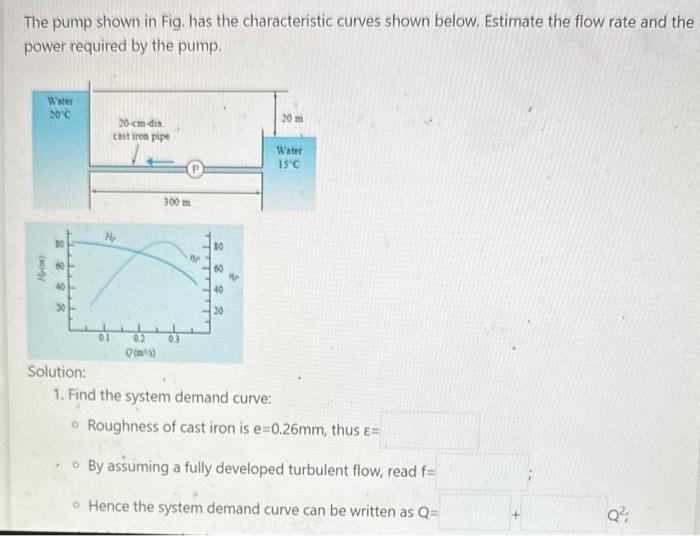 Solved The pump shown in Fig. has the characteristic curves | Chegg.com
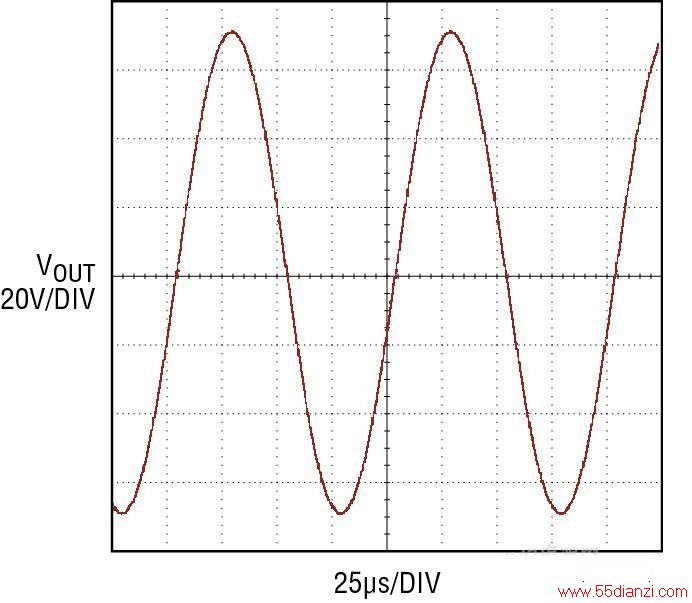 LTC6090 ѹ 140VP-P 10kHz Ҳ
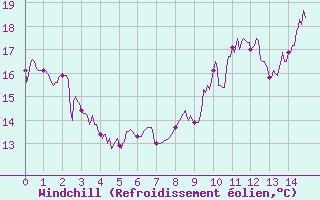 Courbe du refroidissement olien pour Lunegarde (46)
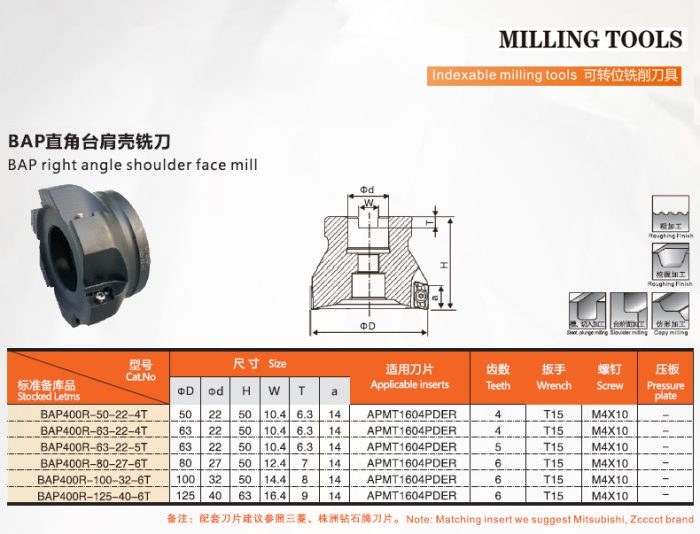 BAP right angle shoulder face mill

━━━━━━━━━━━━━━━━━━━━

**Problem requirements:** Repeat the listing above verbatim, but exclude the pictures it contains.

**Answer:**
 Solved The pump shown in Fig. has the characteristic curves | Chegg.com
 LTC6090 ѹ 140VP-P 10kHz Ҳ
 Courbe du refroidissement olien pour Lunegarde (46)
 BAP right angle shoulder face mill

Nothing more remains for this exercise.